Филатов пошевелился и хотел что-то сказать, но изо рта у него вырывались лишь нечленораздельные звуки. Левая сторона головы выглядела немного получше, но и она судорожно дергалась, а левый глаз был почти закрыт веком. Похоже, главный инженер испытывал жуткие муки.
– Морфий остался, Александр Григорьевич? – Дроздову казалось, что он оставил этого добра предостаточно.
– Кончился, – устало ответил Дитковский. – Все съели до единой капли, Андрей Викторович.
Кузнецов мигом открыл свою медицинскую сумку. Увидев это, Дитковский улыбнулся с видимым облегчением. Он тоже выглядел гораздо хуже, чем вчера. В нем и так-то душа еле в теле держалась, а он ведь еще и трудился восемь часов кряду. Даже наложил Зубринскому гипс на лодыжку.
Он попытался приподнять Филатова, Дроздов пришел ему на помощь, но тут доктор буровой опустился на пол, прислонившись к стене.
– Виноват, – проговорил он. Его обросшее щетиной лицо скривилось в подобии улыбки. – Мы не очень-то гостеприимны.
– Теперь все, доктор, можете положиться на нас, – тихо заметил Грубозабойщиков. – Всю необходимую помощь получите. Один вопрос: эти люди транспортабельны?
– Не знаю, – Дитковский сильно потер рукой налитые кровью глаза, покрытые копотью веки. – Некоторым за последнюю ночь стало хуже. Вот у этих двоих, по-моему, воспаление легких. Дома мы их поправили бы в считаные дни, а тут… Все из-за холода… Вся энергии уходит не на борьбу с увечьями, а на выработку тепла. Иначе организм дойдет до точки…
– Не стоит падать духом, – сказал Грубозабойщиков. – Нам потребуется полчаса, чтобы забрать всех на борт. Кого первого, Игорь Николаевич?
– Зубринского, доктора, Филатова и вот этого, – мгновенно сообщил Кузнецов.
– Кожевников, радист, – представился тот, на которого указал врач. – Мы уж и не надеялись, что вы вернетесь. – Он кое-как поднялся и встал, сильно пошатываясь. – Я сам.
– Не спорьте, – жестко бросил Грубозабойщиков. – Рукавишников, кончай со своим пойлом. Пойдешь с ними. Сколько времени тебе понадобится, чтобы провести сюда с лодки кабель, установить пару мощных обогревателей и освещение?
– Одному?
– Бери в помощь любого!
– За четверть часа управимся. Могу протянуть еще и телефон, Владимир Анатольевич.

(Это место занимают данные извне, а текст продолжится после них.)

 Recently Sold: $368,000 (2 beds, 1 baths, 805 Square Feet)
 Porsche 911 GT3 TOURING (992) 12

– Это будет кстати. Кто там с носилками – когда будете возвращаться, прихватите одеяла, теплую одежду, горячую воду. Канистры с водой заверните в одеяла… Что еще, Кузнецов?
– Пока ничего, товарищ командир.
– Тогда все. Отправляйтесь!
Рукавишников вынул ложку из котелка, аппетитно облизал, одобрительно чмокнул и печально покачал головой.

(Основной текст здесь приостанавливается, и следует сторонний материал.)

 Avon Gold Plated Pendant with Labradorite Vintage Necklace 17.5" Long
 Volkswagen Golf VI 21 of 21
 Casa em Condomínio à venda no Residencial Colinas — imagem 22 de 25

– Эх, такое добро пропадет! – горестно произнес он, отправляясь за носильщиками.
Из людей, лежащих на полу, четверо бодрствовали – водитель вездехода Хитренко, кок Нечаев и двое бурильщиков братья-близнецы Харламовы. Они даже обгорели и обморозились почти одинаково, основные ожоги располагались на правой стороне лица. Остальные не то спали, не то находились в глубоком обмороке. Дроздов с Кузнецовым принялись их осматривать. Причем, конечно, корабельный врач осматривал их более внимательно, пользуясь градусником и стетоскопом.